What about elm-markup ?
I saw the introduction video of it, and I think it is a very great idea. It is so modular and extensible that you can create very rich custom formats for your static html. I was looking for it on github, but soon I realized, it is somewhat hard to start off with it, since there is no real introduction and documentation for it. I would spend a lot of time understanding it and getting things done, so dropped it from the list. However, maybe I will have a look later this year !
Finally, I was thinking: What would be the elm way of doing it ?
Elm could render static html in a very simple way, by just creating a main function and call the html functions you need. And it would bring all the power and modularity of elm with it. However, I was quite sure that the compiler couldn't generate html at all.

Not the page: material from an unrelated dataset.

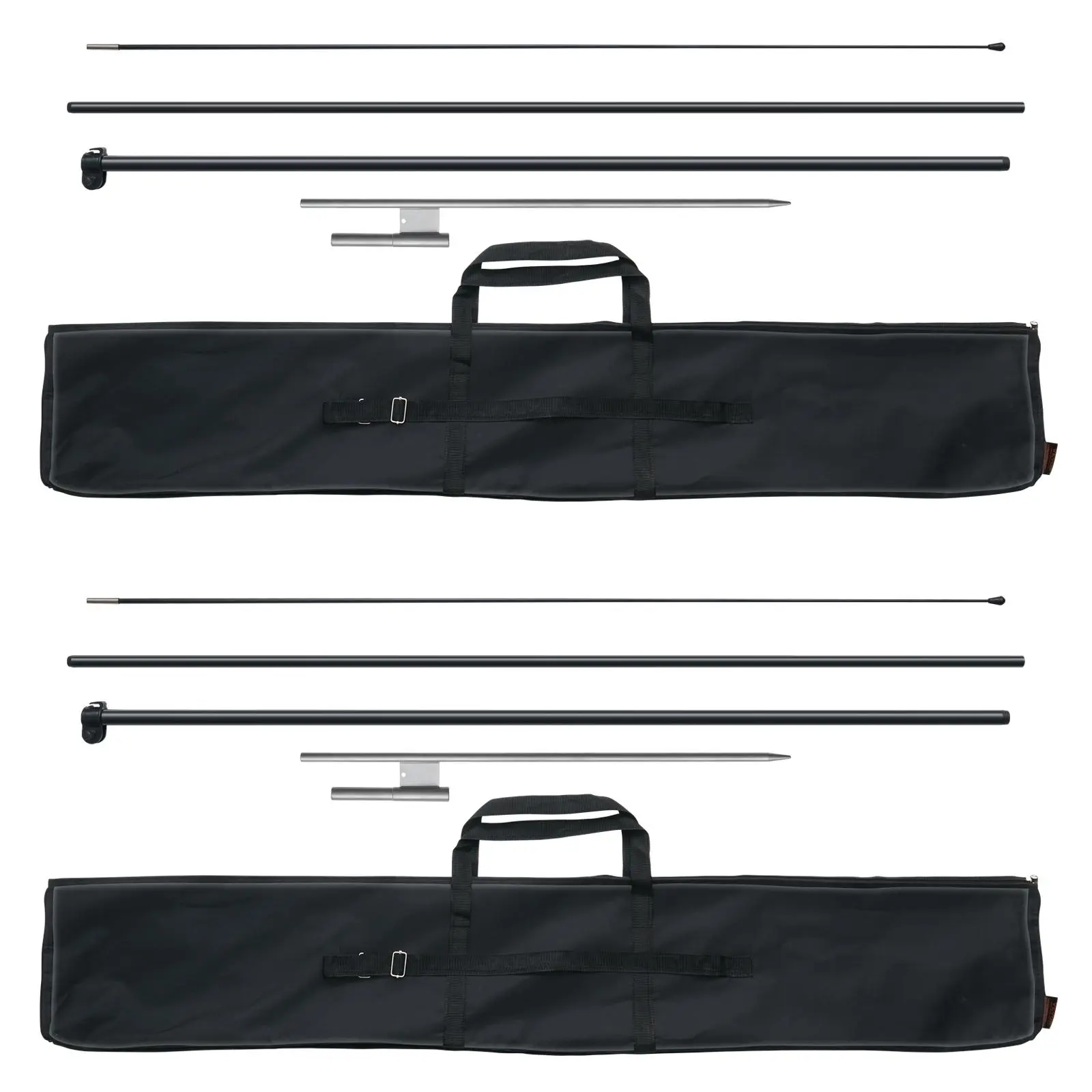 【SummerFinds】VEVOR Feather Flag Pole Kit,  , 2 Packs Swooper Flag Pole 12.7 ft, Sign Flag Poles for Business Advertising Flags Outdoor, with Ground Stakes and A Carrying Bag (Flag Not Included) Aluminum Banner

This is how I would write it:
module Test exposing (..) import Html exposing (Html, div, h1, text) main : Html Never main = div [] [ h1 [] [ text "Hello World !" ] ]

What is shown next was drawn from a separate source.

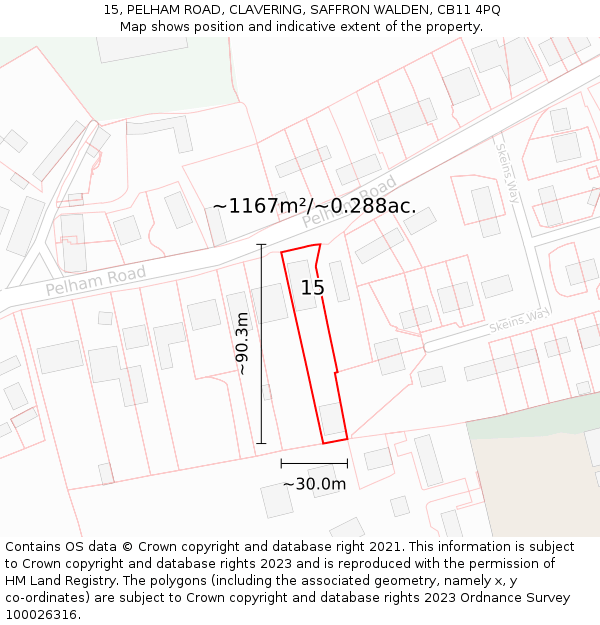 15, PELHAM ROAD, CLAVERING, SAFFRON WALDEN, CB11 4PQ: Plot and title map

Cool, no boilerplate at all in the first place !
When you compile it, you get a html document. However, there is no static html from your main function in it. It just seems so natural to me that it would generate static html, since the annotation line 'main : Html Never' tells us: I will render html without any Javascript Events guaranteed. Of course, in the end, I was expecting that. As of today, Elm can render html via its Javascript runtime only (It is a compile to js language).
Maybe the addition of a built-in custom type like 'Static' could tell the compiler to just render html ? It would be just so simple and straight forward :)
Summary:
It seems like that Elm is not the appropriate tool (for now). I could generate pages just the way I mentioned earlier, however, the whole page would be rendered with javascript, which is not what I want (think of SEO).

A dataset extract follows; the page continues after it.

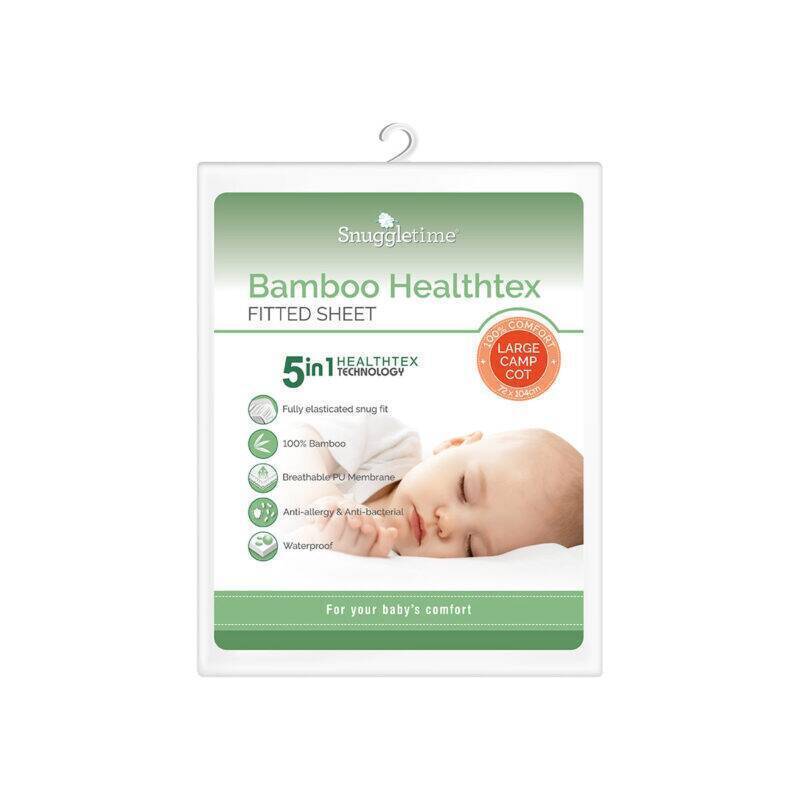 Snuggletime Bamboopaedic Healthtex fitted sheet for large camp cots, made from 100% bamboo, breathable and waterproof.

Preface: And what about PHP ?
MAR 7, 2020 - Robin Gruenke
Yes, good old php. It comes with modular html rendering 'included'. That is what it was made for initially. I had my experience with it. It is great for starting a small project from scratch and you want to proceed fast. Until today it grew to has compelling OOP features. Also, leveraging existing html files to be dynamic is very easy. However, mixing plain html and php code is scaling badly, since maintaining readability is clearly not a 'built-in feature', in my opinion. It can quickly turn into a complete mess.
In order to get a clean and fitting environment with php, I would need to research for appropriate tools. But the pool of my concerns are too inconstant. Do I need some sort of smart classes which handle rendering ? How could I dismiss writing mixed php and html ? Do I need some sort of framework ? Where can I find well written documentation ? Can I have PHP with a nice syntax ? (Python, you ?)
I am sorry, PHP.
Indeed Python !
MAR 7, 2020 - Robin Gruenke
I was learning Python the last weeks. Somehow it caught my attention after years, and I thought: why did I never give it a try ? Sorry Python, that I never considered you before ! You are clearly awesome !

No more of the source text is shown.